Une question m’a été posée deux fois aujourd’hui. Quel hasard? Est-ce possible d’utiliser une photo qui est sur Facebook et dans le cadre d’une utilisation journalistique, est-ce qu’utiliser une photo qui est sur facebook peut-être considéré comme étant du « fair use »?

Je ne suis pas avocate et ceci n’est donc pas un avis juridique. Par contre, en lisant l’article Facebook photo free-for-all Is media’s use of photos fair dealing or freeloading? de la CBC, on peut déjà comprendre que vous n’avez pas le droit d’utiliser des photos que vous trouvez sur Internet ou sur Facebook et les utiliser selon votre bon vouloir. Des photos sont toujours la propriété des ayants droits, à moins qu’ils aient eux-mêmes cédé ces droits et que ce n’est pas parce que vous cédez vos droits à Facebook lorsque vous y déposez des photos, que cette cessation se transfert automatiquement au reste de la planète.

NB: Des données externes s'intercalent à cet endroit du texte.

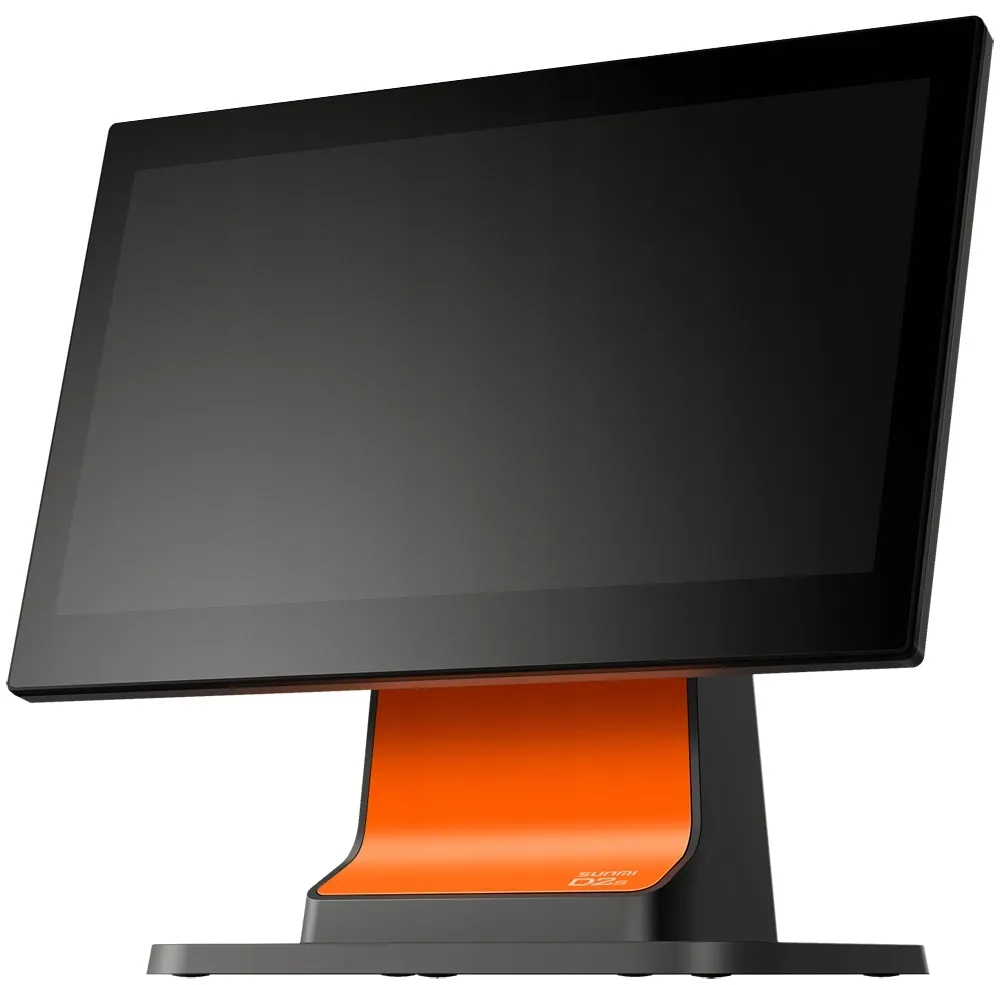 solidny-pos-sunmi-d2s-lite-156-android-2-generacja-go-pos-dotykacka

Michael Geist, une sommité en ces matières et qui est cité dans l’article dit :

Copyright law in Canada does make exceptions in certain circumstances, known as fair dealing. Fair dealing allows for use of copyrighted material for research, private study, criticism and review.

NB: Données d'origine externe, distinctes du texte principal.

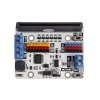 Motor:bit pro micro:bit - rozšiřující modul pro motory scrchu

“One of the elements within fair dealing is news reporting. Where [the media] use the photograph, they might not obtain a licence to use it; they might just try to argue it’s fair dealing,” says Geist.
The copyright exception for news reporting isn’t absolute, though. The Copyright Act says using material for news reporting does not infringe copyright if the source and author — in this case, the photographer — are mentioned.

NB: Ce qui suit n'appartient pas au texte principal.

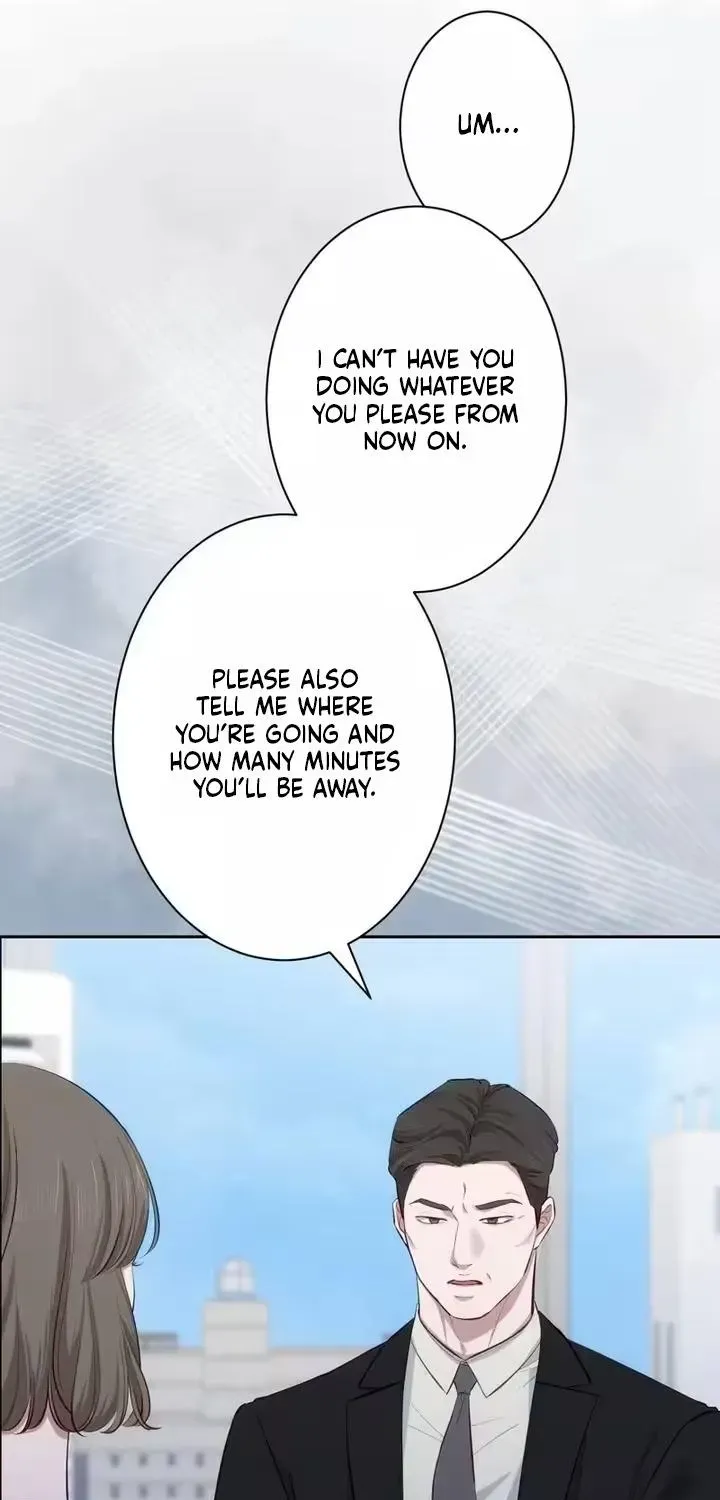 Chapter 21 — page 7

“If it’s part of a news story, and they’re, let’s say, capturing a screen shot of Facebook with the photograph in it, then I think they’re relying on the news reporting [provision in fair dealing.] Where they’re simply lifting a photograph that someone has posted on Facebook, I think that prior permission is likely needed,” said Geist.


D’après moi (et encore une fois ce n’est pas un avis de juriste) il en va de même pour une autre utilisation du “fair use” qui est la parodie, le collage ou le remixage. La loi permet une certaine liberté d’expression artistique quant à l’utilisation novatrice des œuvres des autres. Mais dans tous les cas, les sources diverses qui ont servis à un montage donné, se doivent d’être reconnus et mentionnés. De plus, il se peut que l’auteur de l’œuvre originale n’apprécie pas « l’aspect artistique » de la nouvelle œuvre. Je me souviens d’ailleurs d’un cours de droit avec Me Gautrais qui nous parlait d’une sculpture de canard qui avait été exposée dans un centre commercial ontarien et qu’on avait choisi d’affubler d’un ruban, pour la période des fêtes. L’artiste avait poursuivi le centre commercial et gagné sa cause sur la base que ses droits sur la paternité de l’œuvre avait été enfreint, même s’il avait lui-même vendu la sculpture au centre commercial.
Conclusion :
Avant de prendre une photo ou un artéfact que vous trouvez ou que ce soit sur le Web, faites bien attention aux droits des autres que vous pourriez enfreindre…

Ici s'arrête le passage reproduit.